Horton Records to release a contemporary album entirely in the Cherokee language | Entertainment

TULSA – Horton Records, in conjunction with Cherokee Nation citizen and filmmaker Jeremy Charles, announced on April 13 the production of “Anvdvnelisgi,” a groundbreaking contemporary music album with original songs all performed in the Cherokee language.

Charles, owner of FireThief Productions, told a press conference that the idea for the album was born when CN’s Language Department Editor Howard Paden pitched the idea for an album. in the Cherokee language.

“He showed me a music video of a popular Maori singer making a music video,” Charles said. “Maori have an incredible ecosystem of film and music that a lot of our nations here need to emulate. He said, ‘Jeremy, we need this.’ At the end of the day, I had a list of 15 Cherokee citizen artists and a plan. That was only a year ago. And that’s why we’re here today.

The album will feature 12 emerging and seasoned Cherokee artists ranging in age from 14 to 50.

“His hip hop, Americana, pop, indie rock, country, metal and reggae all happened in the language,” Charles said.

“Anvdvnelisgi” is a Cherokee word that translates to “interpreters” in English.

“Right now there are less than 2,000 fluent Cherokee speakers,” Charles said. “It’s kind of crazy, and COVID has taken its toll on our speaking population. Over the past decade, I would say, the Cherokee Nation has made a concerted effort, a monumental effort, to preserve and protect the language in the future.

In an effort to preserve the Cherokee language in a new way, “Anvdvnelisgi” is the first of its kind.

“We are in a time where we have to turn every page when it comes to revitalizing the Cherokee language,” Paden said. “We lost a lot of speakers. In 2019, we lost 119; 2020 we lost 134; last year we lost 150. We think when the elders tell us if we lose that then the world will fall apart. We have a group of people working day and night on this subject which comes with this level of intensity.

The album features artists such as Zebadiah Nofire, Lillian Charles and Kalyn Fay, all of whom performed live at the press conference. Several of the artists worked for months with Cherokee translators to translate their songs.

Nofire, from Tahlequah, is a comedian who often incorporates quirky hip-hop parodies into his comedic routines. He performed his original song called “The Baker”. He is also a graduate of the tribe’s Cherokee Language Master Apprentice Program.

“It’s the first song I’ve written in Cherokee, so it was an interesting experience,” Nofire said. “The rhyme schemes are different and the rhythm of the language is different, so it was really difficult but fun.”

He added that it is a way to show that Cherokee music exists outside of traditional hymns.

“This project is a good way to show people that we can do different things outside of hymns, which is about as far as our music genres go in the Cherokee language,” Nofire said. “Hopefully maybe I’ll help get the ball rolling, and someone might say, ‘Hey, I can write a song. “”

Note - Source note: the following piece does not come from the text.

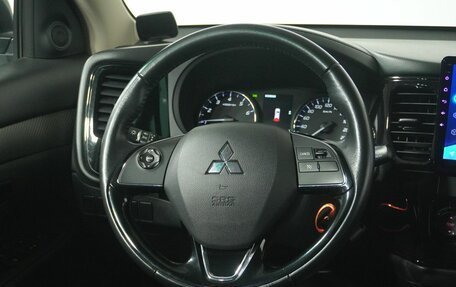 Mitsubishi Outlander III рестайлинг 3, 2017 год, 2 078 000 рублей, 18 фотография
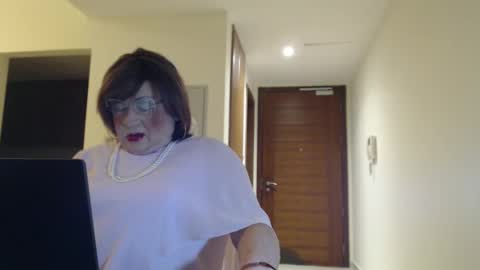 My name is Sissy or more fully Suzanna Aprilia Maria Mariquita Catarina Chinita Banci. Soy una puta - que chimba ladybug online show from May 1, 6:35 pm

Lillian, 14, the daughter of Jeremy Charles, contributed an original song she wrote when she was 12 called “Circus”, which belongs to the Goth-pop genre. She worked with language translators Kathy Sierra and Bobbie Smith to translate her lyrics.

“There were no revisions and it really flowed,” Lillian said. “I realized how beautiful language is. It’s incredible.”

The album was created in collaboration with Horton records and with support from the Zarrow Families Foundation Commemoration Fund.

“We discovered that injustice can be social, it can be economic, it can be political. But it can also be cultural,” said Clarence Boyd, Zarrow Families Foundation Commemoration.